Beckert is also keen on showing how it was that the New Yorkers were able to build an ideology that showed them, correctly, as the new economic and cultural hegemon of the world. In this he builds up similar arguments as those put forward by T. Jackson’s Lears No Place of Grace: Antimodernism and the Transformation of American Culture, yet this is not a restatement of Lear’s positions, but one that is more specifically concerning the New York bourgeoisie. Those that had descended from old stock American families started creating imagined communities, in groups such as the Song and the Daughters of the American Revolution, where their shared heritage became cultural capital and evidence as to their dominance in the direction of American life.
Heritage provided by European aristocracy also became of ideological interest to the bourgeoisie. While first seen as a holdover from the feudal era and a sign of European backwardness, as immigrants stocks arriving to America began changing, along with the primacy of means of production, social Darwinist theories came to be ever more popular in explaining the ascendency of the rich and the degeneracy of the poor. Pseudo-scientific theories were formulated in order to show how the new, less skilled, workers were genetically inferior. At the same time, sons and daughters of the New York elites increasingly showed status by marrying European aristocracy in order to obtain titles, regardless of how poor their partners were.

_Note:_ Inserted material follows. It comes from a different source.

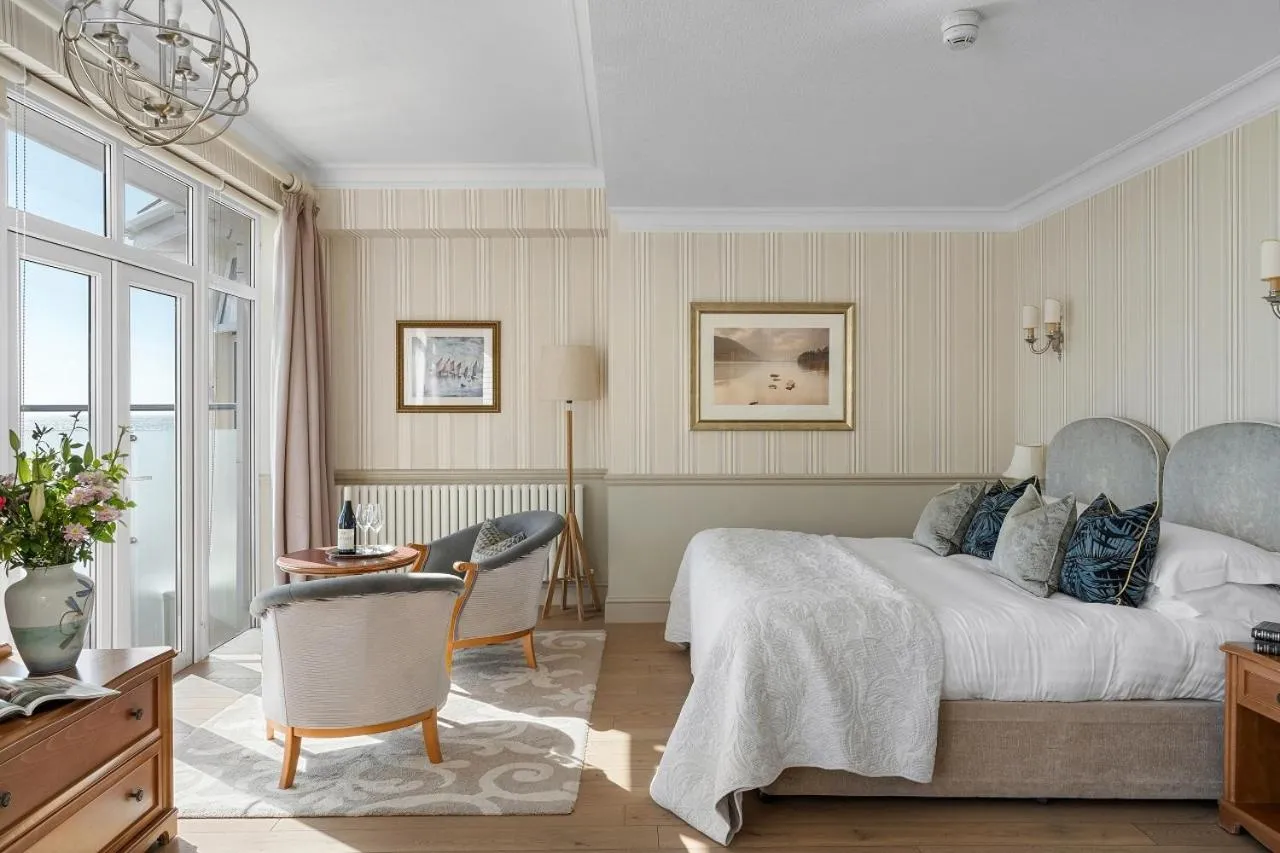 Bed in Watersmeet Hotel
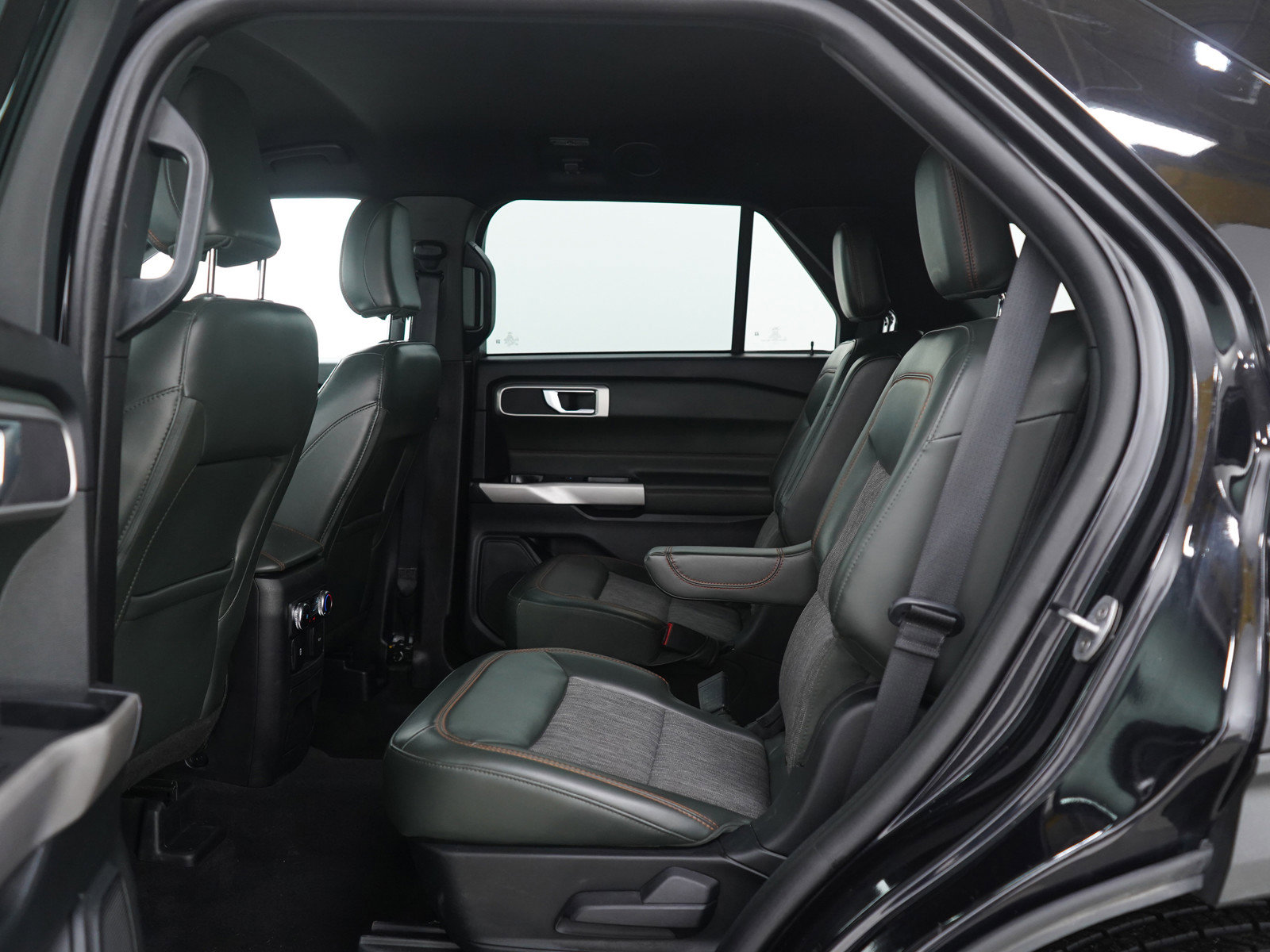 Used 2023 Ford Explorer Timberline image 18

By the end of this book, Beckert showed that through all of the aforementioned practices and others elided from this review that by the dawn of the 20th century, the New York bourgeoisie had made themselves the most powerful group in the United States. Foreshadowed within this period are the inchoate tendencies that would make themselves felt again as the lower classes continued to clamor for more wages, as war would break out and risk investments in Europe, as a million of other crises large and small required assistance or guidance of some kind. Beckert leaves us with the clear impression that the New York bourgeoisie is the guiding light for the world bourgeoisie and that their input, experience and influence will eventually lead to the type of internationalist elite which The Atlantic write about here.